When you eat in space, you can really play with your food. We could squeeze a blob of orange juice out of its container and watch it float around. Then you puncture the blob with a straw and just suck it up.
~ Dafydd (Dave) Rhys Williams, The McGill Reporter, Vol. 31, No. 3 (8 October 1998). Ground control to Dr. Dave
Page one is a diet, page two is a chocolate cake. It's a no-win situation.
~ Kim Williams, (on "women's magazines," recalled on her death; 6 August 1986)
After getting my blood tested and having a nutritionist show me exactly which foods work best as fuel for me, I can feel the machine working efficiently, my body grabbing at the food after workouts.
~ Ricky Williams, ESPN The Magazine (16 September 2002). Redemption Song
Cholesterol is not a bad substance; it is made by virtually every cell in our bodies and is necessary to life. Deposits of it in our arteries is what is bad. . . . there is much to be said for the idea that if we eat the right foods and get the right assortment of [nutrients], cholesterol and cholesterol deposits will take care of themselves.
~ Roger J. Williams, Ph.D., D.Sc., The Wonderful World Within You (1977).
I have eaten
the plums
that were in
the icebox
and which
you were probably
saving
for breakfast
Forgive me
they were delicious
so sweet
and so cold
~ William Carlos Williams, This Is Just to Say
When common sense and true sentiment supplant mere unreasoning prejudice, vegetables oils and vegetable fats will largely supplant those of animal origin in every element of our dietary.

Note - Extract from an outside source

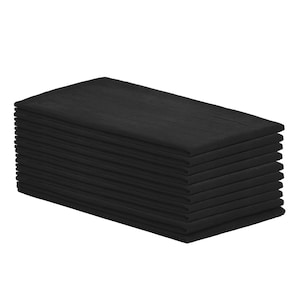 Op de afbeelding: Een stapel zwarte stoffen servetten. De servetten zijn rechthoekig en netjes opgevouwen, met een licht gestructureerd oppervlak. De stapel wordt gepresenteerd tegen een effen witte achtergrond, wat de donkere kleur en strakke lijnen van de servetten benadrukt.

~ William Mattieu Williams, The Chemistry of Cookery (1885). VII: Frying
You can say this for these ready-mixes -- the next generation isn't going to have any trouble making pies exactly like mother used to make.
~ Earl Wilson
If I had the choice between smoked salmon and tinned salmon, I'd have it tinned. With vinegar.
~ Harold Wilson, in Observer (11 November 1962).
Although the frankfurter originated in Frankfurt, Germany, we have long since made it our own, a twin pillar of democracy along with Mom's apple pie. In fact, now that Mom's apple pie comes frozen and baked by somebody who isn't Mom, the hot dog stands alone. What it symbolizes remains pure, even if what it contains does not.
~ William K. Zinsser, in Life magazine (9 October 1969).
The frank comes wrapped in its own napkin and is soon gone without a trace. It is the ultimate food of the disposable society.
~ William K. Zinsser, in Life magazine (9 October 1969).